- PROBLEM REQUIREMENTS
Only the lines from the one containing "Donne Strass Scarpe" to the end of the data should be copied, exactly and without pictures.

***** RECORDS PROVIDED

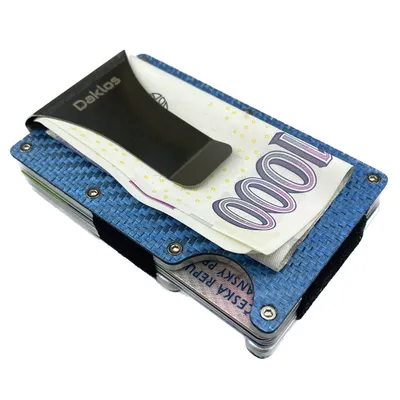Obrázek produktu pro Karbonová mini peněženka CARBET RFID carbon s klipem - modrá Peněženka Daklos
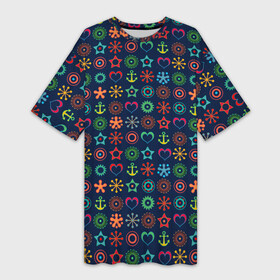 Платье-футболка 3D с принтом Морской разноцветный узор в Новосибирске,  |  | абстрактный | детский | звезда | малышам | мальчиковый | модный | молодежный | море | синий | современный | якорь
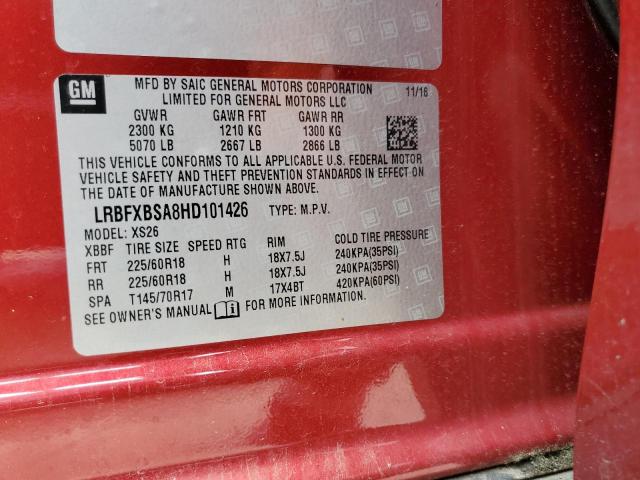 LRBFXBSA8HD101426 - 2017 BUICK ENVISION ESSENCE Կարմիր լուսանկար 12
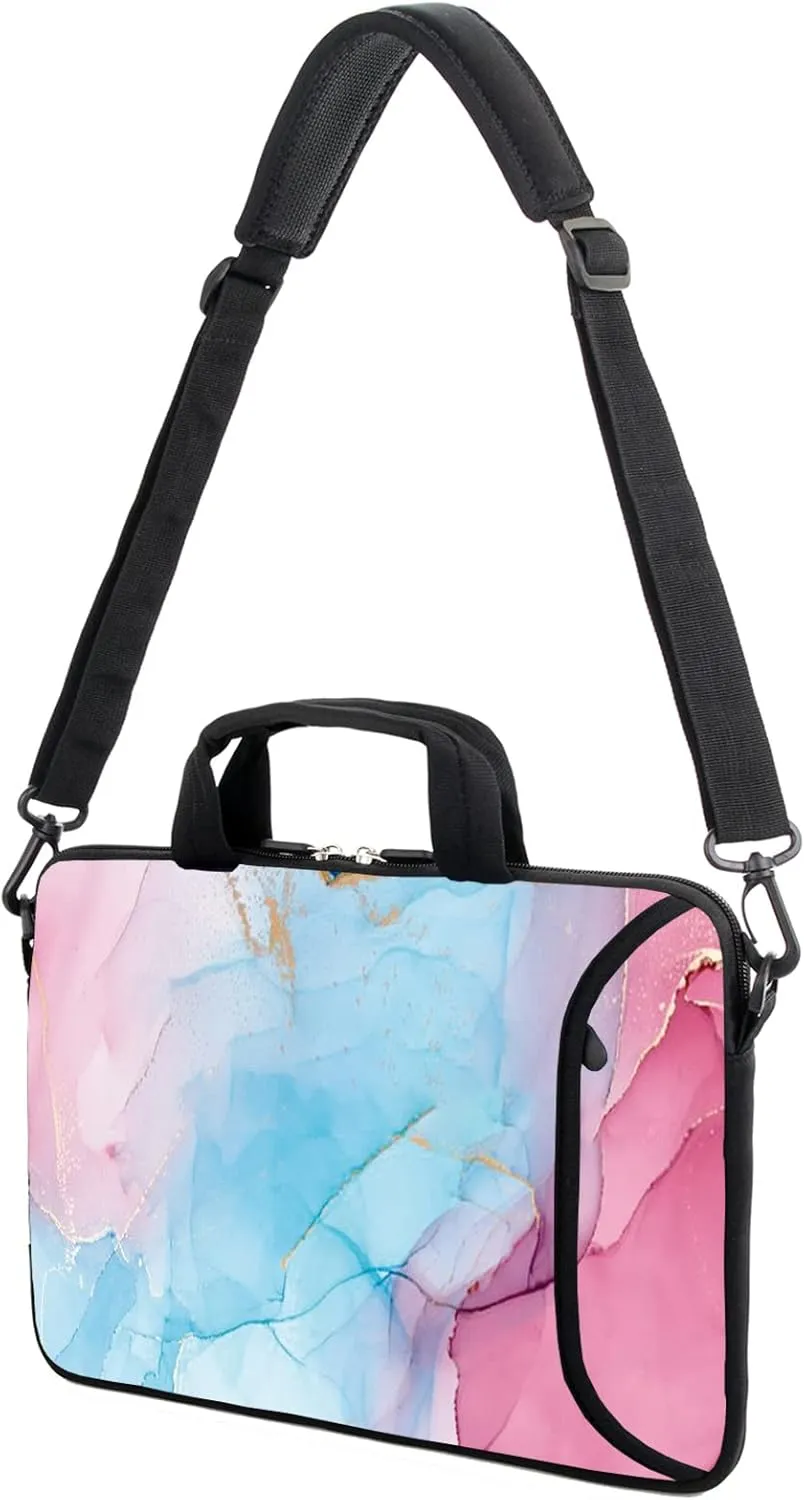 AMARY 13" 13.3" laptop sleeve chromebook case adjustable shoulder strap with handle accessory pocket (Marble)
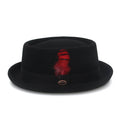 Virginia Feathers Black Wool Porkpie Hat
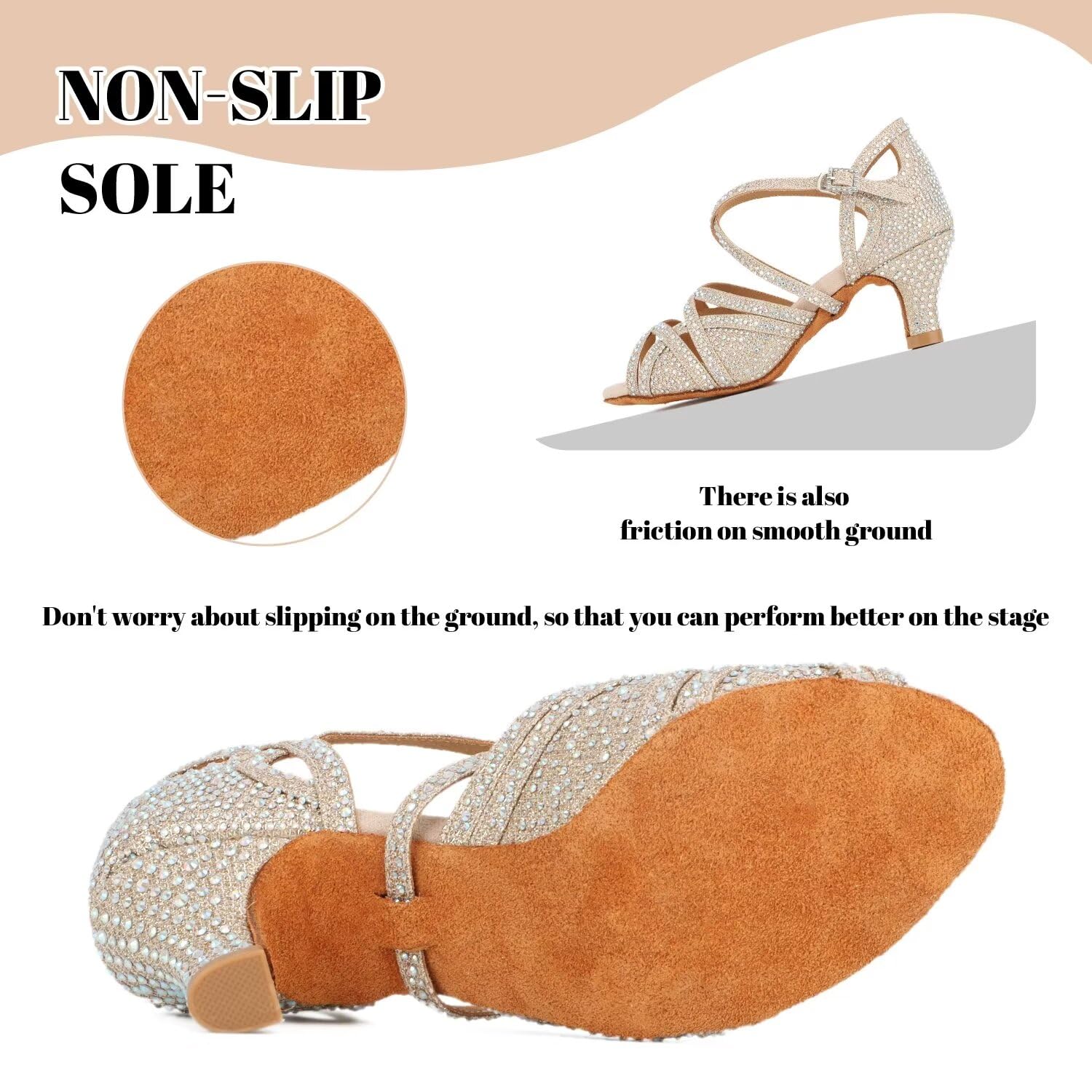 Donne Strass Scarpe da Ballo Sala Latino Salsa Danza Tacchi Scarpe Peep Toe Cross Strap Scarpe Donna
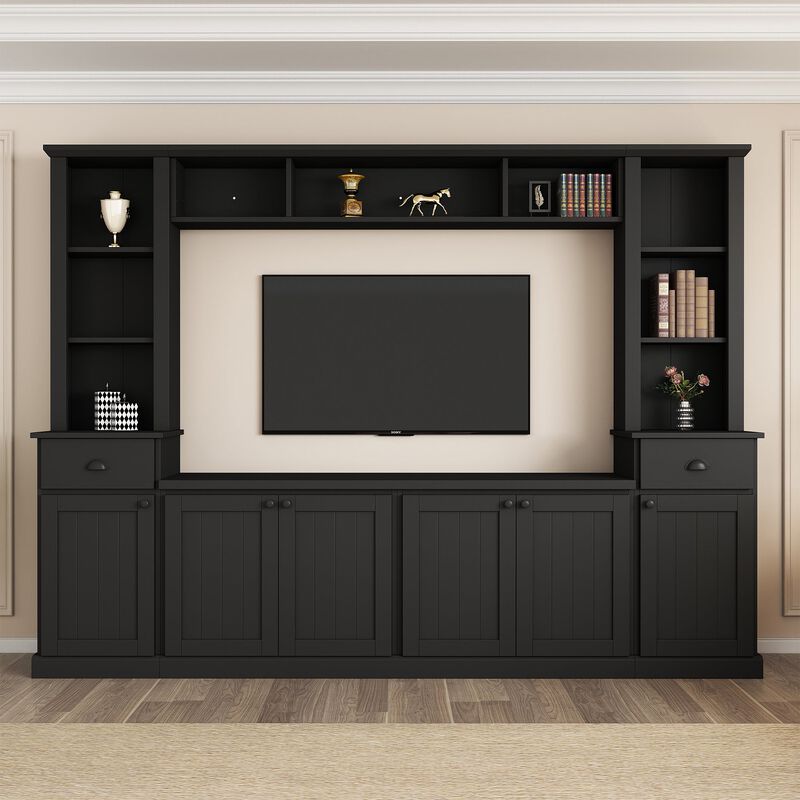 Clihome Large TV Stand Entertainment Wall Unit Set with Bridge for Living Room image number 1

**********

- EXERCISE RESULT
 Donne Strass Scarpe da Ballo Sala Latino Salsa Danza Tacchi Scarpe Peep Toe Cross Strap Scarpe Donna
 Clihome Large TV Stand Entertainment Wall Unit Set with Bridge for Living Room image number 1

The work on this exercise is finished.